Clinical Medical Anthropology was my choice due to it directly correlating to what I want to be when I grow up.  There are two paths that interest me the most about becoming an OB.  I would like to either work abroad, in third world countries helping women and infants with medical issues, or I would like to work here in the US and start a non profit organization that helps care for women before during and after birth.  I would like to help educated women about their birthing options, educated them on health and fitness during pregnancy, and inform them about the changes that their bodies will be going through during the process.  I would like to offer this service to women at a low cost or for free through grants and subsidized offerings.  Being able to understand someone’s wants and desires, cultural views and beliefs, will greatly assist me in being able to accurately and efficiently help them.  Whether I work overseas or in the country, everyone’s perspective on issues varies, and I believe that the ability to learn, listen, and follow their lead will help me profoundly.

If I were to become an OB in a hospital and work with other doctors who were strictly biomedically and ethnocentrically focused, we may in fact end up offending or insulting patients with our practices or assumptions.  In fact, I would bet that without a doubt it would happen.  Perhaps a patient is having a hard time with her contractions and really seems to be struggling through the pain of labor.  It may be our assumption that she would be ready for and need pain relief to help her get through parturition, however, perhaps her religious or cultural beliefs would be offended by this act.  Without consulting her and/or her family, we would not have any way of knowing.  Simply because it is the path that many women in our country take, we can not assume that all women would want an medicated experience.

Another example of this is if I were to be working with doctors in another country.  As told in video by Tribal Jazzman, a village of people, who were thought to need many different health related items, had asked for a lights for their soccer field.  Although the anthropologist thought this was very off base, the soccer lights and generated were granted.  It turned out that the soccer lights helped the work ethic of the men, they worked later, played soccer later, and their playing of soccer later into the evenings avoided them from going home and getting drunk every night.  The alcoholism dropped in the village and the men awoke earlier to get to work earlier each day.  The productivity and healthiness of the men helped to boost the economy in the area, producing more money for each family which created them opportunities to spend more.  The soccer lights although would not have been the first thought for the anthropologist to suggest to allocate the funds to, turned out to be a genius idea that helped tremendously.  This example would prove to be a great lesson to learn for all anthropologists and doctors alike.  Just because it is a concept or idea that we didn’t think of ourselves, does not mean that it would not be the best option for the person or village.

This Post Has 2 Comments

  1. Dylan Bieber says:

    Overall, I have to agree with your assessment of medical anthropology.
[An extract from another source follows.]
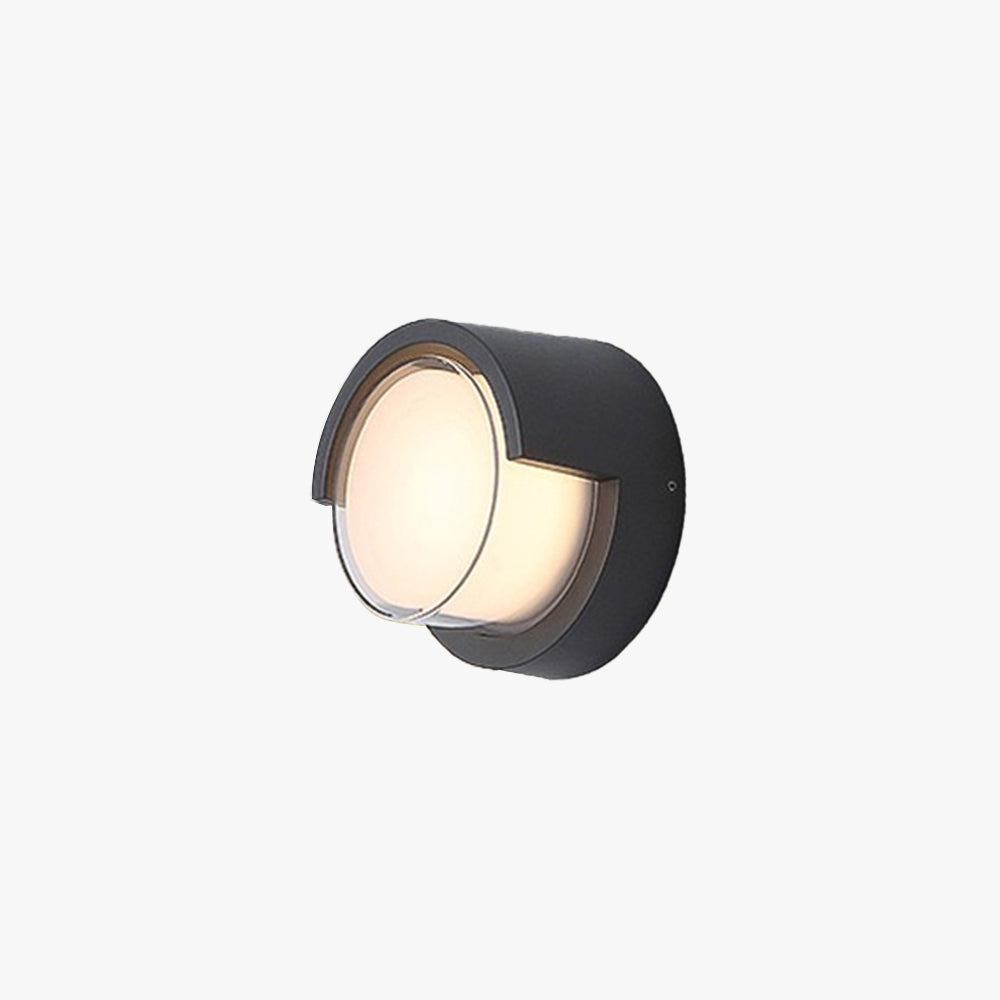 Ray Modern Round Rectangular Acrylic Outdoor Wall Lamp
It is very important for doctors to understand what treatments a patient may or may not receive based on their faith. It is also important to understand that everyone is different, and just because we share the same country does not mean everyone shares the same beliefs. Another way medical anthropology is important in a clinical setting is if a patient has an illness that they believe was caused by something spiritual, it’s important to understand that the should receive some sort of spiritual “healing,” if only for a placebo effect.

    In the case of the village described by Tribal Jazzman, it is important to note that villages like these will often know the best way of utilizing their resources. Just because our western society is more advance and modern, does not mean that we will always know the best course of action for them to take. After all, they are the one’s with the most experience in their area.
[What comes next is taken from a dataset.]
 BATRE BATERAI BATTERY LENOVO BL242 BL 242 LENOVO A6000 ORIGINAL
    I think the most important reason for having anthropological knowledge in a medical setting is to know how people of different cultures experience illness. People of certain cultures will downplay symptoms of certain illnesses. An example of this would be the stigmatization against mental illness of Chinese people.

  2. Justin Kenton says:

    I would have to say that I also agree with your take on the clinical approach of medical anthropology. Either of your goals are impressive and I think that it is totally feasible with the right dedication and connections. When you mentioned working abroad, the video from this week’s lecture about Dr. Farmer and the work done in Haiti comes to mind. His contributions to the community where the clinic was established are phenomenal! Across the globe there are so many people who do not have access to medical care and really need it.

    Of course cultures are extremely different amongst the people of this planet, from the biomedical standpoint we are all still biologically human and have the same processes occur. With an education in biomedicine as well as anthropology to understand the culture you are working with, the people will have a chance to be educated on different birthing options and health/fitness while pregnant that their culture might find useful.

    Establishing a nonprofit organization here in the United States is another great option because, let’s face it, just because we live in the U.S. does not mean that everybody has equal access to healthcare as we have seen throughout the semester’s materials. Establishing a free or low cost option to women who might not have enough money to seek out medical treatment or advice would be awesome! There is much care that needs to occur while pregnant for not only the mother’s sake, but the baby’s sake too. Adaptive processes by the developing fetus change that baby biologically based on the nutrition available. Helping to be mothers learn how to eat properly even before conception would make a dramatic impact on the baby’s health.